USF president Judy Genshaft followed suit when she moved to dismiss a tenured professor. While the whole country had collectively chanted that it would never bow to terror, Genshaft said that it was the subsequent death threats to the professor that prompted her actions.
Nevertheless, the ax of patriotism fell not on these threatmakers, but ironically enough, on one who had carried out his duty to his adopted homeland. My father, having always instilled in me the American values of freedom and equality, truth and justice, taught me to stand up for what is right, no matter how difficult it may seem.

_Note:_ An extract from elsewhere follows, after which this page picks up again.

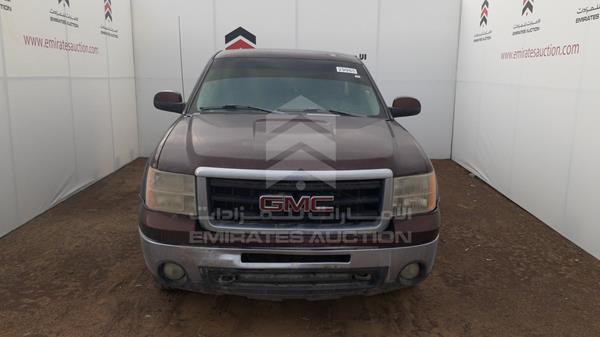 GMC SIERRA 2010 1gtpkve0xaz252320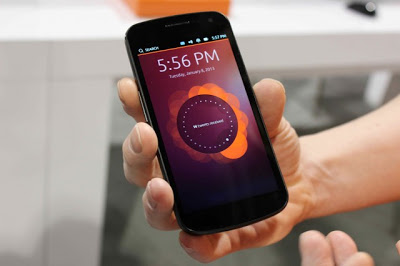 Canonical anuncia primeiro Smartphone com Ubuntu e usa Mac OS e Windows no Comercial?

That is patriotism.
He acted on those beliefs when he donated blood to the victims in New York and gathered funds from our community to aid in the recovery. He has continued to lead efforts to bring together members of all three major faith communities, especially during a time of national crisis. That is patriotism.
When the civil liberties climate turned bleak, he mobilized a national effort to uphold the Constitution, lobbying members of Congress and campaigning for politicians, all to restore the rights enjoyed by all Americans. Certainly, that is patriotism. He exercised his freedom by continuing to voice his opinions regarding the treatment of Palestinians by Israel, no matter how unpopular those views may be. That, too, is patriotism.
Indeed, it was not until after that portentous day in September that my father's character was so appallingly maligned. Yet another bitter irony: It is that same nightmare to us all, namely terrorism, that he stands accused of in the court of public opinion.
Simply put, if it wasn't for Sept. 11, there would have been no Barnyard Bill and his zoo of unfounded accusations. There would be no Jaded Judy and her urge to fire. For it was only after those planes were disastrously hijacked that our own collective sense of patriotism could suffer a similar fate.
Abraham Lincoln once said, "America will never be destroyed from the outside. If we falter and lose our freedoms, it will be because we destroyed ourselves." Sadly enough, this year has proven these words alarmingly accurate. I rest assured, however, that no matter how we may falter, our better sensibilities, and ultimately, we as a nation, will prevail. And that is the essence of patriotism.
- Abdullah Al-Arian, 22, was born in Durham, N.C., and reared in Tampa. He graduated from Duke University in May 2002.